The test case was basically inserting 100 million rows one at a time
into a hash partitioned table with 1000 partitions and 2 int columns
and a primary key on one of those columns. It was about 12GB of WAL. I
used a hash partitioned table in the hope to create a fairly
random-looking SMgr hash table access pattern.  Hopefully something
similar to what might happen in the real world.

Over 10 runs of recovery, master took an average of 124.89 seconds.
The patched version took 113.59 seconds. About 10% faster.

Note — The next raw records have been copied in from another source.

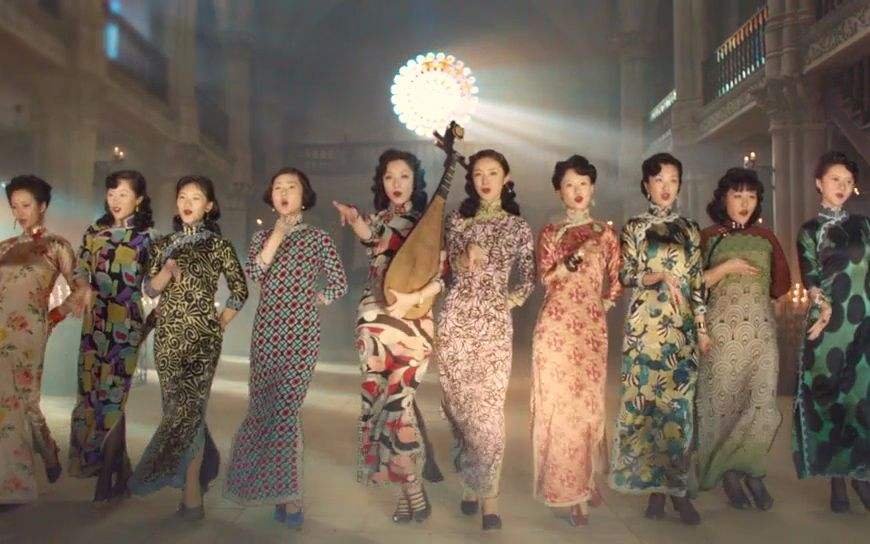 金陵十三钗是个令人越看越沉重的电影，结局也让人痛定思痛？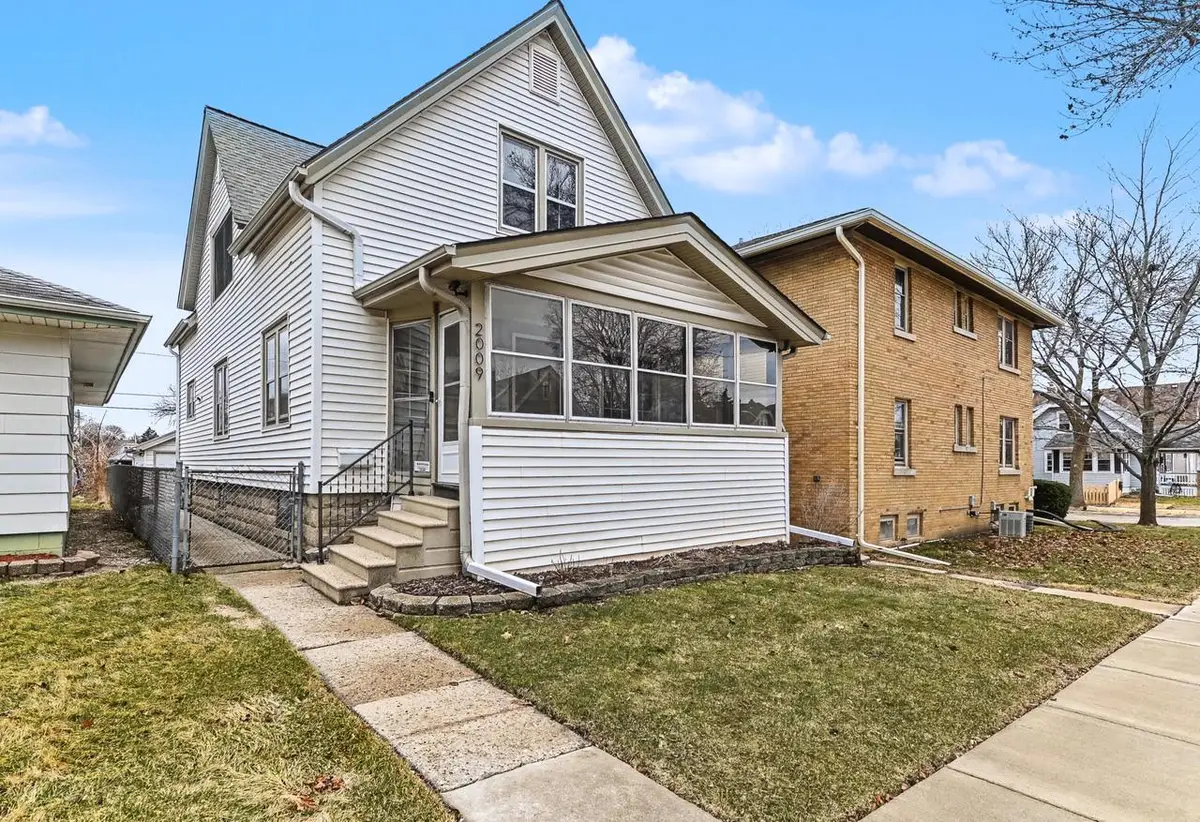 2009 S 77th STREET, West Allis, WI 53219 - #1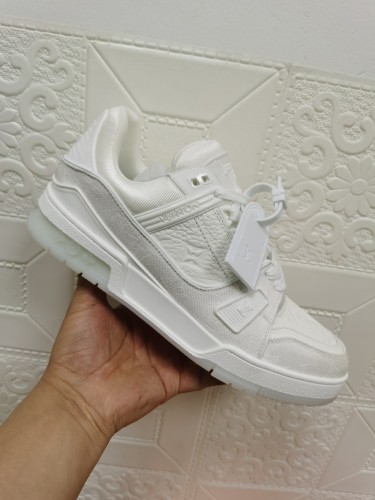 Louis Vuitton Mens Shoes Fashion Sneakers Design Luxury Brand LV TRAINER SNEAKER Mix of materials with Original Box 1A9JI9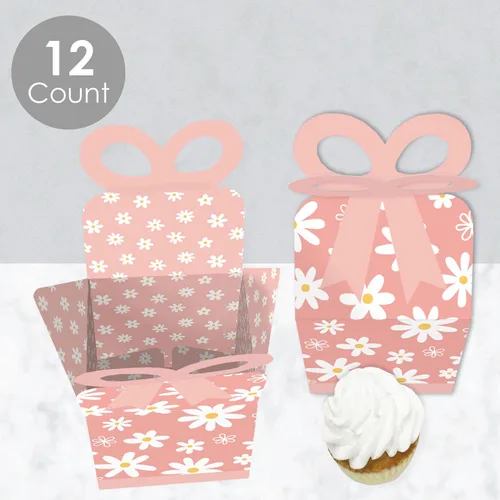 Vista 3 de Big Dot of Happiness Flores de margaritas rosadas, cajas de regalo cuadradas, cajas de lazo para fiesta floral, juego de 12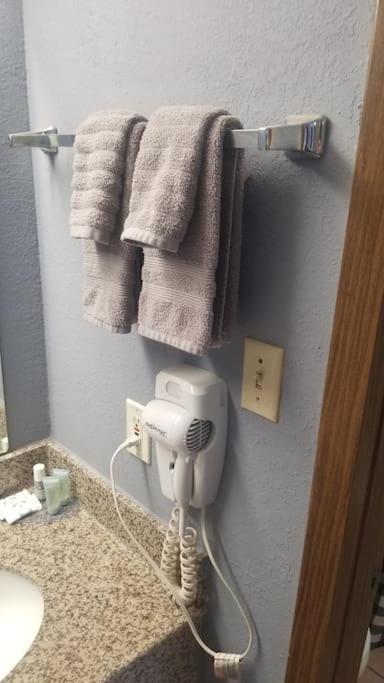 2 Queen Beds 205 Wi-fi * Stillwater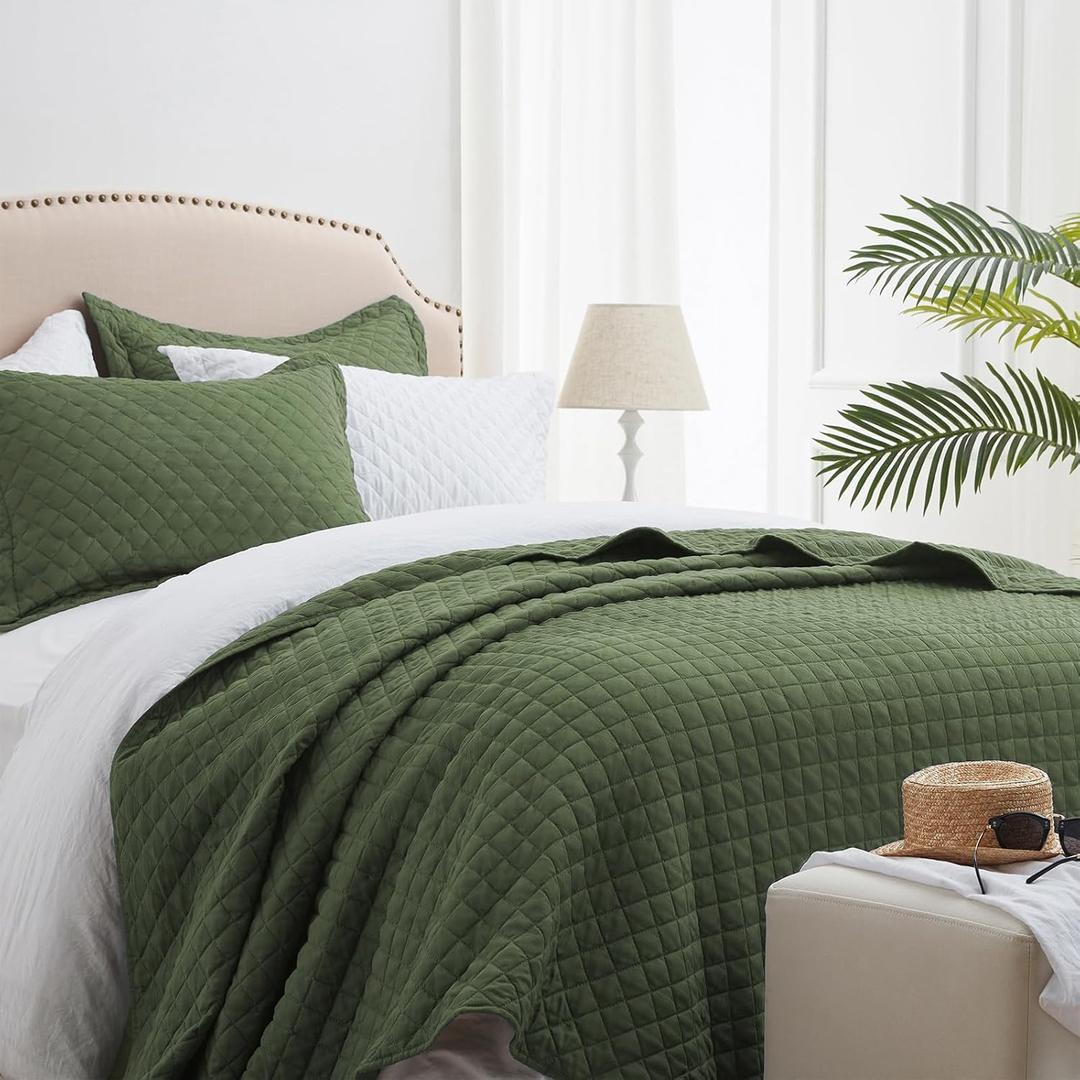 SunStyle Home Olive Green Queen Quilt Bedding Set, Lightweight Summer Blanket Bedspread, Full Queen Size Quilt, Luxury Durable Quilted Stitching Coverlet with 2 Pillow Shams Diamond All Seasons 3pcs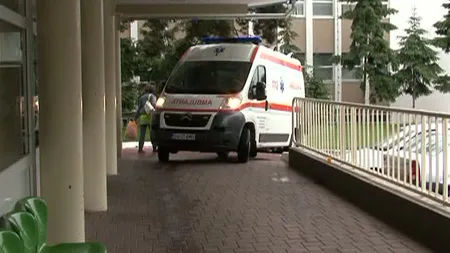 Dramă în Vaslui. Fetiţă în stare gravă, după ce mama sa a vărsat peste ea oala cu apă clocotită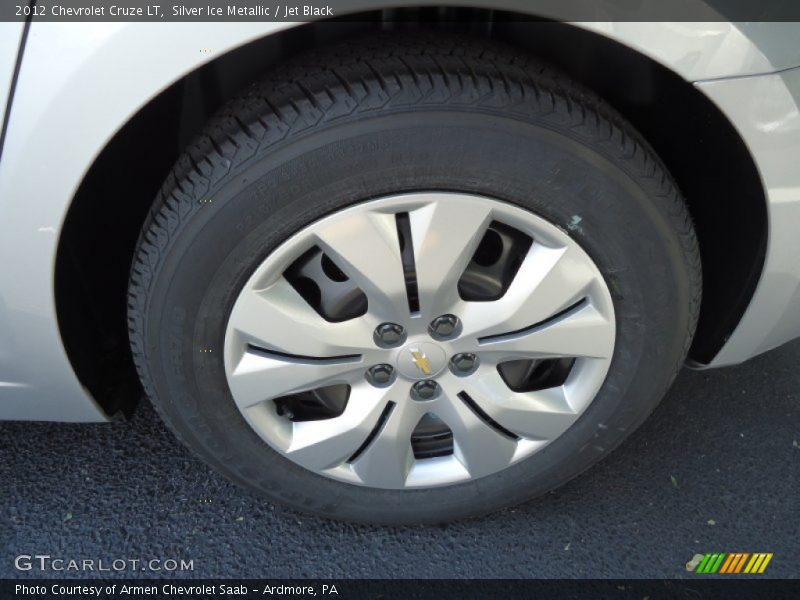 Silver Ice Metallic / Jet Black 2012 Chevrolet Cruze LT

I bumped shared_buffers up to 10GB, max_wal_size to 20GB and
checkpoint_timeout to 60 mins.

To make the benchmark more easily to repeat I patched with the
attached recovery_panic.patch.txt.  This just PANICs at the end of
recovery so that the database shuts down before performing the end of
recovery checkpoint.  Just start the database up again to do another
run.

I did 10 runs.  The end of recovery log message reported:

master (aa271209f)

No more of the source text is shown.